The problem that I see, leaving aside the issues of transportation costs for busing students and an apparent quota of minority students, is that instead of just race, Jefferson County is now looking at using income and education as proxies for race. While the county asserts that the classifications will not be applied to individual students, it is not the intention that matters, but the practice and there are just too many variables.
But even assuming that this plan can withstand legal challenges (it is based on a Berkley California plan that has withstood challenges), it does not mean that the intregratin plan is a good one. First, I don't know if "diversity" in the student body means that a student gets a better education. I have not seen any proof of that and it would seem that other factors govern the success of a child's education far more that whether or not there are 15-50% minority students in his or her class.
Second, the apparent "evil" or "wrong" that Jefferson County is looking to correct is not a matter of race but de facto segregation based on a number of economic and social choices of people living in the area. While the socio-economic status of a family should not adversely impact the quality of education that a child receives, the fact is that the use of neighborhood schools will always result in some sort of de facto segregation as housing costs and personal choices dictate where people will live. If a person is faced with a choice between living in House A with neighbors who have a similar background and lifestyle or living in House B with neighbors totally unlike themselves and the cost of the housing and other factors are the same, there is little doubt that people will choose House A--no matter what their race, income or educaiton level might be.

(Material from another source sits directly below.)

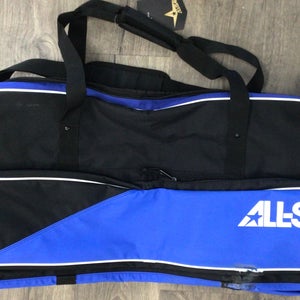 All Star Player’s Pro Catcher's Bag Royal Blue (Used)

Of course, very rarely are people given such a choice.
It seems more logical to focus on increasing the quality of instruction, facilities and curricula so that no matter where a student lives, they get as close to the same quality of education as any other student. If that means shifting resources between schools, so be it. But it shouldn't have to mean shifting students between schools to achieve some mythical "diversity" just because it sounds good.
The troubling aspect is that the school district does not intend to have the court review the plan in advance, which means the taxpayers of Louisville will have to pay for another trial and appeal likely to the Supreme court--that is a wise move also.